**Your assignment:** Using the listing below, copy exactly each line from the one that has "White Sheer Lace" through the one that has "Statuette, Famiglia di"; omit the pictures.

[[ Given data, beginning ]]

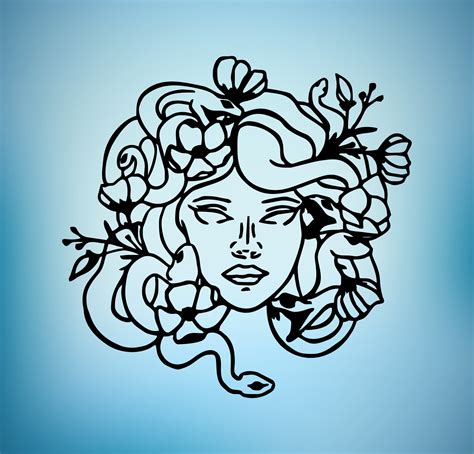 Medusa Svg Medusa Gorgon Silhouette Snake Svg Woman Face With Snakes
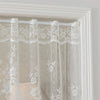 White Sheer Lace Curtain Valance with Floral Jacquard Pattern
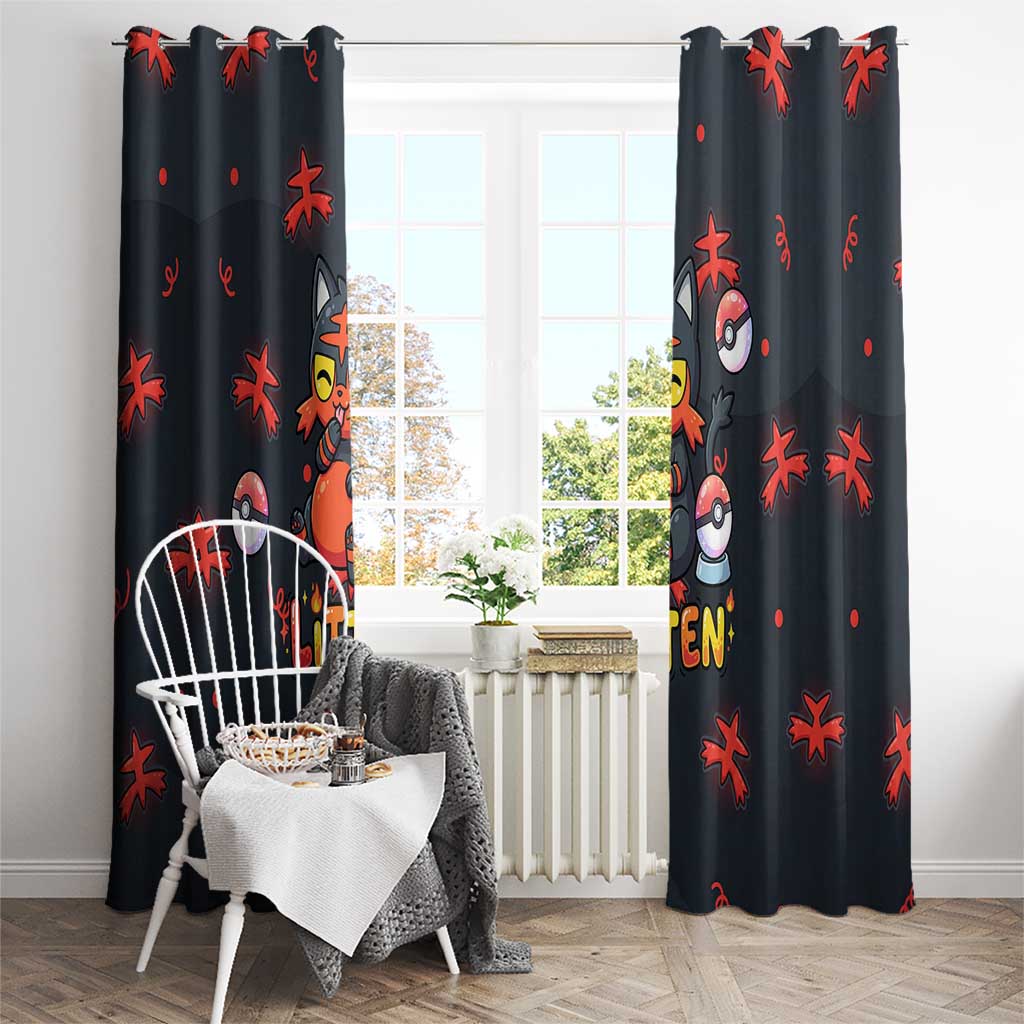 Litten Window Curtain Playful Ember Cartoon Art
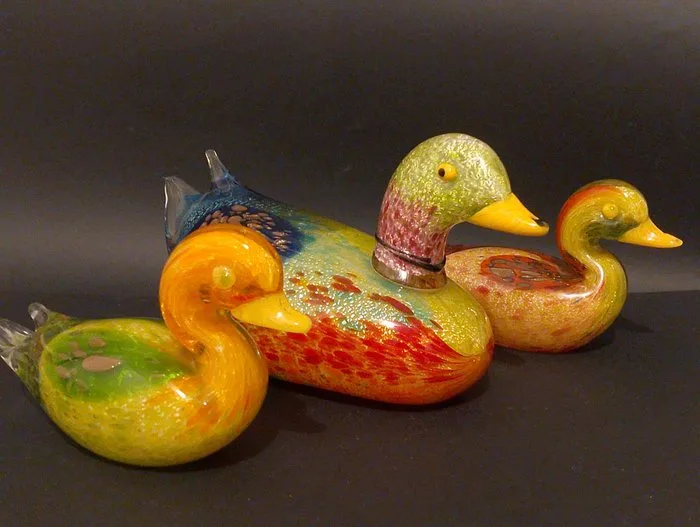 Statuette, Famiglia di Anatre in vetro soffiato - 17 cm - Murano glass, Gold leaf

[[ Given data, end ]]
[[ Given data, beginning ]]

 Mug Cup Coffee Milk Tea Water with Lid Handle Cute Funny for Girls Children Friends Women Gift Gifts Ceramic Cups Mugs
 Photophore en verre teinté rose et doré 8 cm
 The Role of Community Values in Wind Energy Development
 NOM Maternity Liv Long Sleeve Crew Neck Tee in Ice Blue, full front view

[[ Given data, end ]]
[[ Given data, beginning ]]

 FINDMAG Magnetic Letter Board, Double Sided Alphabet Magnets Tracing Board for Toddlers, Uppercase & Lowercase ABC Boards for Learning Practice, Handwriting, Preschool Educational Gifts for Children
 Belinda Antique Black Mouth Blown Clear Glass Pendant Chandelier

[[ Given data, end ]]

**Exercise output:**
 White Sheer Lace Curtain Valance with Floral Jacquard Pattern
 Litten Window Curtain Playful Ember Cartoon Art
 Statuette, Famiglia di Anatre in vetro soffiato - 17 cm - Murano glass, Gold leaf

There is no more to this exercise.